Monday, June 18, 2012

ARE YOU CRAZY??!!!

On Friday I got a very interesting phone call from my sweet sister-in-law Brooke.  She challenged me to run a 1/2 marathon with her and her two brothers.  All of which are my husband's siblings.  My first and immediate response was(and I'm not kidding or exaggerating)  " HELL NO!! ".  Never in my whole adult, or adolescent life for that matter have I ever had a desire to run more then a 10k.  I did that a few years ago and it was tough.  Grant it, I ran it without much training, but I did it and it was rewarding.  I stopped running after that.  After that experience it boggled my mind how other people could even entertain the idea of running 13 miles.  My Mom was with me when I got the phone and was disgusted with prospect.  After talking with Brooke some more I asked if I could think about it.  She sent me a link to a training program and while looking at it I felt like this was something I should do.  I don't think it's coincidence that Brooke's call came the day after my fast.  I truly believe that this is something the Lord has thrown in my path on this journey to a healthier me.  I truly believe this will help me become that person I have visualized for the past year.  As I've told people about my new and outrageous goal, the only disappointing response came from my sister.  I was sadden by her lack of support but realized something very important; I'm not doing this for her, or for my Mom.  I'm not doing it for anyone else but me.  And really, it's not about the marathon.  It's about a lifestyle change and the training that it takes to get to the half marathon.
My friend Rich is a trainer and has trained for sprint tris, 1/2 marathons, and iron mans.  He told me that this is something I can do. He suggested that I heart rate train.  Which means I subtract my age from 180.  He also suggested that I use the run-walk-run method, which made a lot of sense to me.  This morning I strapped on a heart rate monitor and went out for my first day of training.  Let me tell you, it felt amazing.  This heart rate training is just what I need.  The goal is to keep my heart rate at 144.  Of course it goes a little high when I run, and that's when I slow to a walk until is goes just below 144 and then I begin to run again.  I went for 3.25 miles and it felt awesome.  I could have gone longer.  But hey, I still don't know what the heck I'm doing.  Again, I'm excited about the training.  I am excited to take back my life and change the way I live permanently.
Rich also told me it is possible to lose weight while training.  Of course, that is a huge hope of mine.  But losing weight comes with proper nutrition.  For me, I want my staples to be vegetables, fruits and whole grains with a little bit of protein.  This is going to be the more difficult part of my change.  But it something that I want badly and it will come.  I need to remember to eat those things that will help me feel light on my feet and good inside.  I know that vegetables are KEY for me.  I know green smoothies will help a ton and eating a lot of green salads.  I'm hoping to share my recipes with you here.
Today was not a super good eating day, but it wasn't horrible either.  I began my day with this Smoothy.

1cup kale
1/3 english cucumber
1 medium carrot- washed but unpeeled
1 orange
5 strawberries -leaves left on
1/2 mango
1/2 cup water
1 cup ice

I didn't add any agave this time, which would have made it taste better.  It was still refreshing and I enjoyed getting full off of a tall glass of cold green goo.

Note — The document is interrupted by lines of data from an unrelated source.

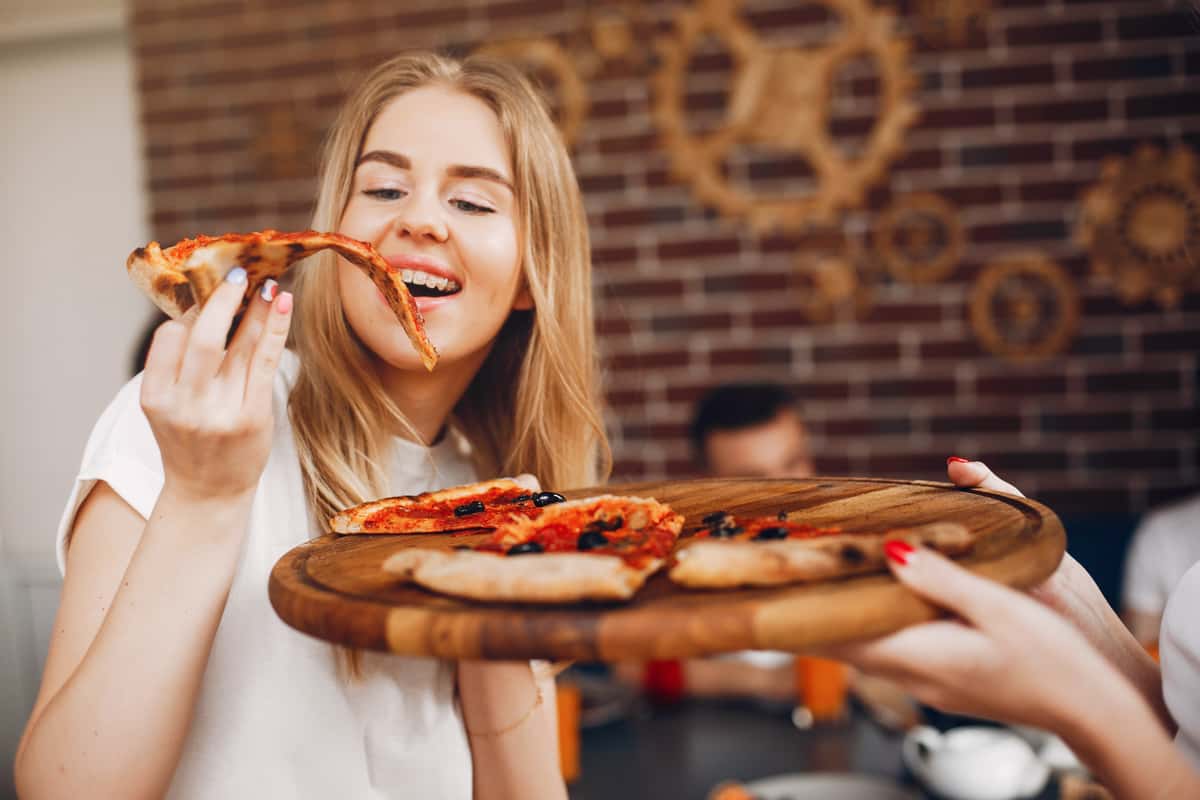 Young woman enjoying a slice of pizza while holding a platter of pizza slices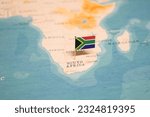 The Flag of South Africa on the World Map.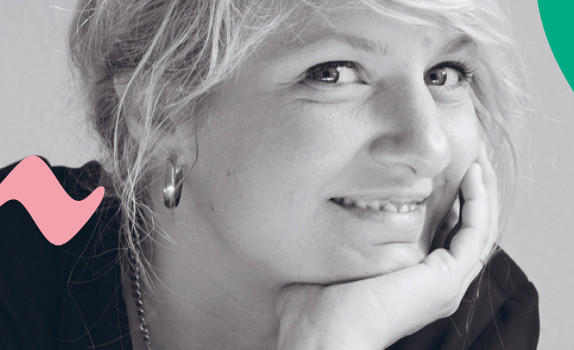 Composer Andrea Tarrodi leaning forward with one arm resting on a surface and her face resting on the palm of her other hand.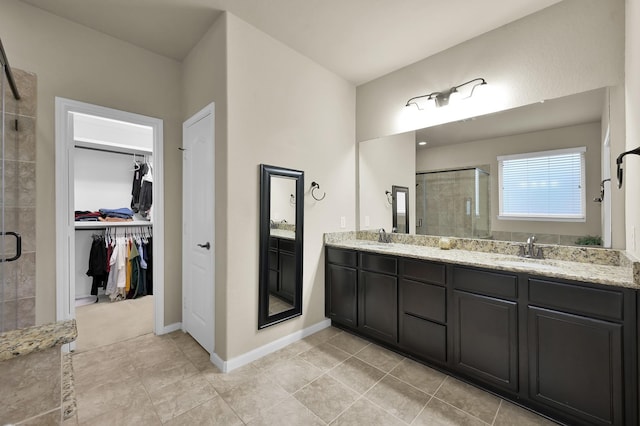 7610 Willow School Dr, Spring, TX 77389 - bathroom featuring a sink, a stall shower, double vanity, and a spacious closet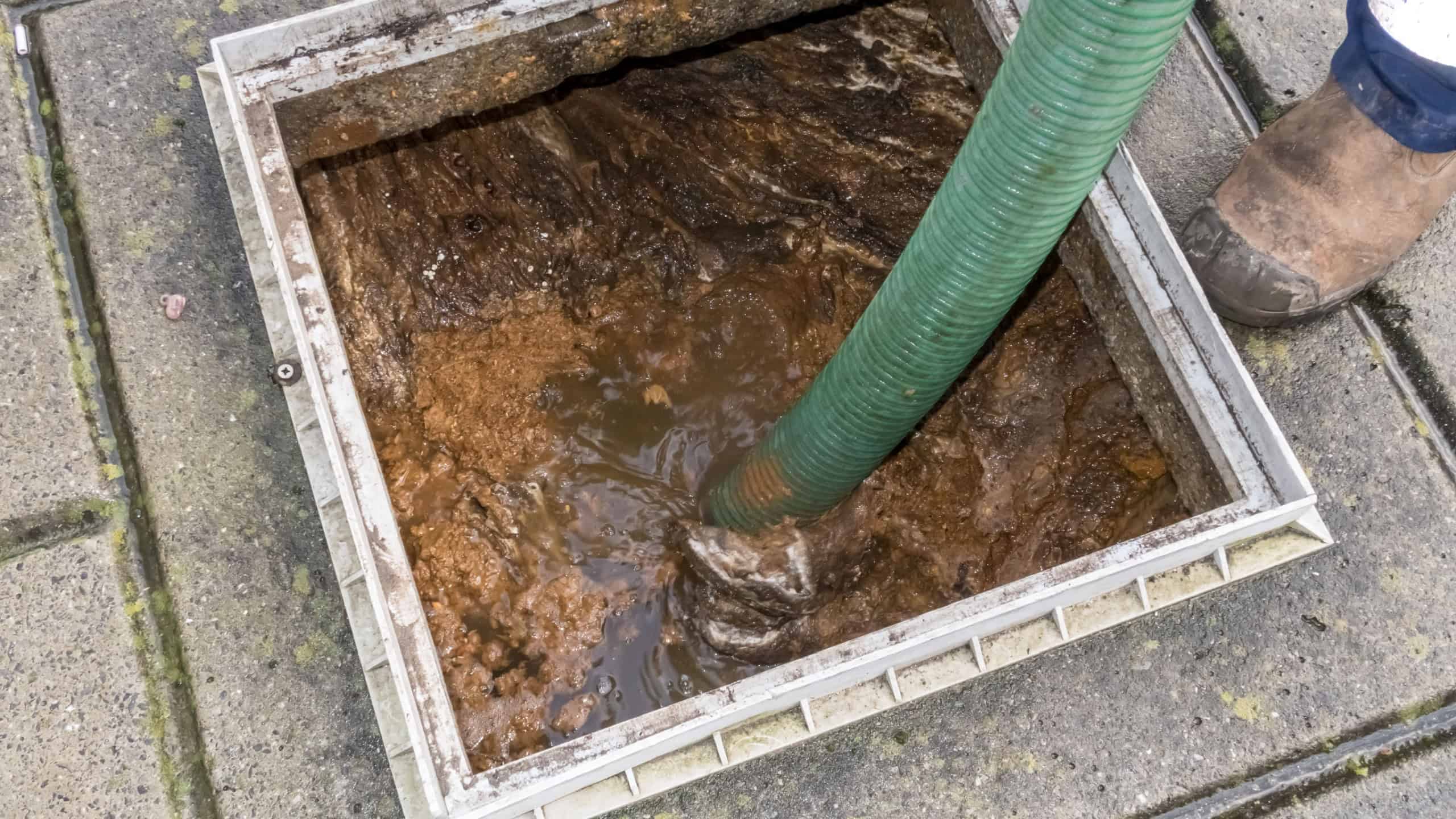Next to a large building for the students, the Cesspool overflows and the broader is sucking it empty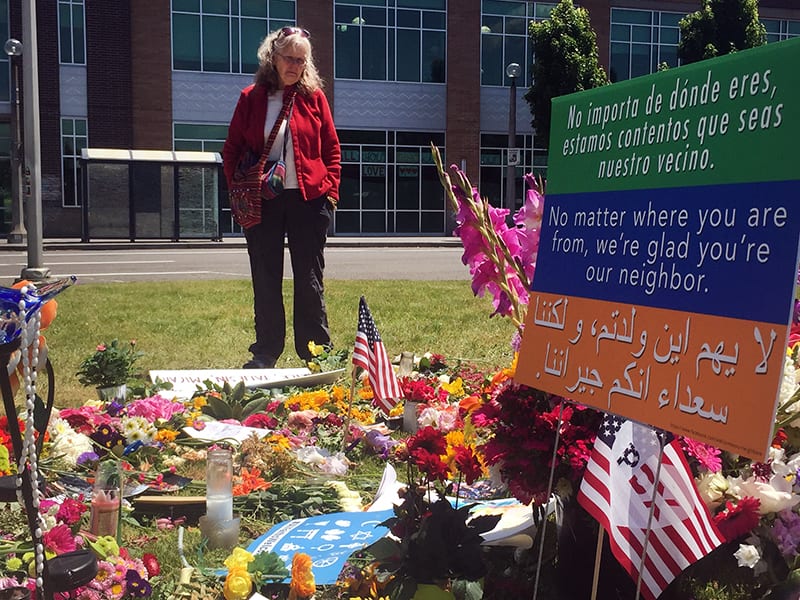 Betsy Toll of Portland pays her respects on May 31, 2017, at a makeshift memorial that has sprung up outside the Hollywood Transit Station in Portland, Oregon, where three men were stabbed on a train. (Credit: RNS photo by Emily McFarlan Miller.)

Another habit that I need to kick is eating out.  If I can just lose my desire for El Gallo Giro burritos, or Slab pizza, my life will get a whole lot easier.  But there are many natural man appetites that I have to over come.  Baby steps, I keep telling myself.  Baby steps.  And actually, eating out is probably one of the easier ones especially now that the kids are out of school and it's not so easy to pick up and go to lunch.  I need to take advantage of that.

So there it is.  I'm training to run a 1/2 marathon.  Hello talk about wanting to vomit with fear.  Despite my fear, I know it's do-able.  Wish me luck and if you have any happy thoughts or good advice please leave them.

Oh, and that's the reason for the name change back to Pounding the Pavement.  I'm back to pounding my way to a healthier me.